No ano passado, Borges e o professor de direito penal Alaor Leite elaboraram um parecer que previa a possibilidade de punição de Bolsonaro, a pedido de entidades que defendem os direitos humanos —a Comissão Arns, a Artigo 19 e a Conectas. Esse documento foi juntado a uma ação apresentada em 2022 pelo Ministério Público Eleitoral que levou o ex-presidente a ser multado.
“Mas essa ação [contra Bolsonaro] tem uma peculiaridade. Tanto na representação do Ministério Público Eleitoral quanto nessa Aije ajuizada depois das eleições pelo PDT se alega que a reunião com os embaixadores é fruto de uma consequência, uma consolidação de uma sequência de ataques que já vinha acontecendo ao longo dos meses anteriores e que havia se intensificado”, afirma.
“Tanto na representação quanto naquela ação o que se alegou é que havia uma estratégia ampla, sistêmica, de produção e disseminação de desinformação contra o processo eleitoral, e inclusive para fins autoritários.”
Segundo ele, a visão que consta no processo é de que essa campanha de desinformação tinha como vetor central Bolsonaro, que era presidente da República e candidato à reeleição, e pretendia fazer com que uma parcela da população brasileira entendesse que as eleições haviam sido fraudadas e que o Judiciário estava envolvido em uma teoria da conspiração para favorecer Lula (PT), seu adversário.
Um ponto central do processo que será julgado contra Bolsonaro deve ser a desinformação contra a integridade do processo eleitoral, como aconteceu no processo que levou à cassação o deputado estadual Fernando Francischini, à época no PSL-PR, em 2021.
Francischini afirmou nas redes sociais, sem provas, que urnas foram adulteradas para impedir a eleição de Bolsonaro em 2018.
No caso de Bolsonaro, o TSE deve centrar suas discussões menos no desequilíbrio causado pelo ex-presidente à competição eleitoral, como acontece mais tradicionalmente em julgamentos sobre abuso de poder político ou econômico pela corte, e mais sobre a gravidade do alcance da campanha de desinformação conduzida pelo ex-presidente.
“Nos casos tradicionais de abuso de poder, os requisitos que o tribunal sempre investigou para saber se o ilícito era grave o suficiente para aplicar uma eventual cassação ou inelegibilidade estavam ligados à gravidade quantitativa e qualitativa da agressão à igualdade de chances [entre candidatos]”, afirma Ademar Borges.
Vera Chemim, mestre em direito público pela FGV, critica o fato de o TSE ter aceitado a inclusão da minuta do golpe no processo e ampliado o escopo inicial da ação.

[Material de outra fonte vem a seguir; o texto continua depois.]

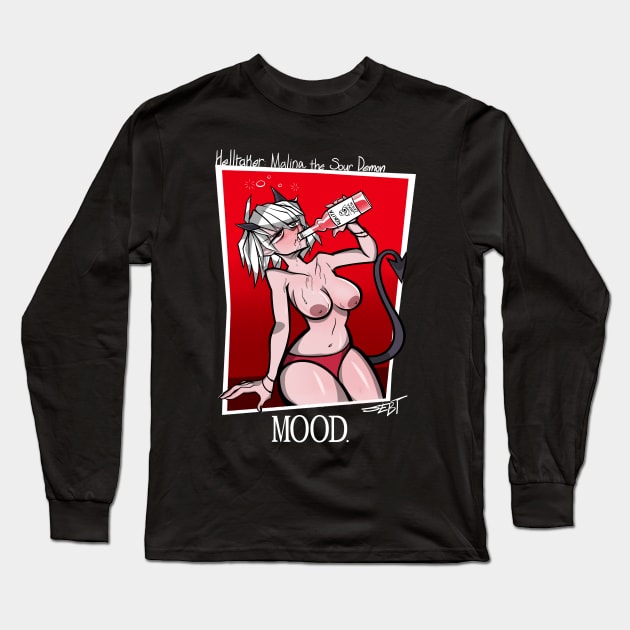 Helltaker: Drunk Malina (UNCENSORED) Long Sleeve T-Shirt by Seb_T95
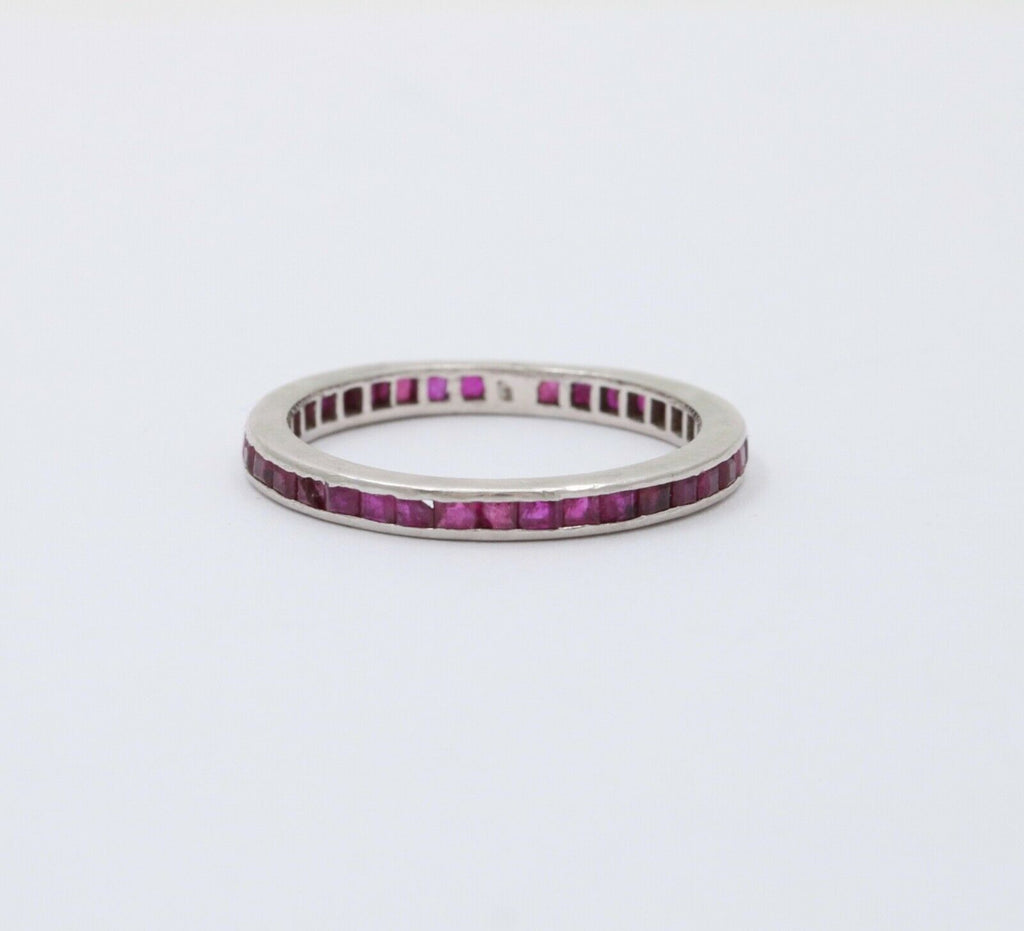 Vintage Rubies 18K White Gold Eternity Band Ring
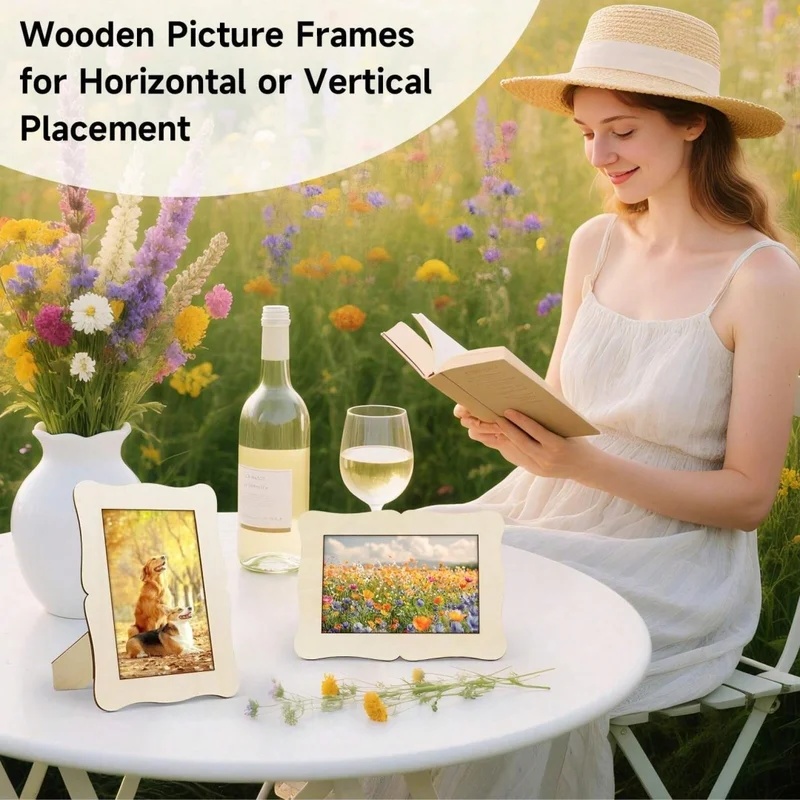 5Pcs Unfinished Wooden Frames  - Bamboo Photo Frame 评论和价格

Ela menciona o artigo do Código de Processo Civil que prevê que é possível “alterar o pedido e a causa de pedir” até o saneamento do processo caso haja “consentimento do réu”.
“Lembro do caso da Dilma. Lá foi levada em consideração a chamada estabilização da demanda e a não inclusão de fatos novos no processo. Caso seguissem essa jurisprudência, não haveria como juntar essa minuta do golpe ao caso, até porque não se tem elementos para comprovar se realmente ele [Bolsonaro] teria aceitado essa minuta, se teria conhecimento ou não. Infelizmente, há um viés político ideológico, não há dúvida sobre isso, houve uma extrapolação”, diz.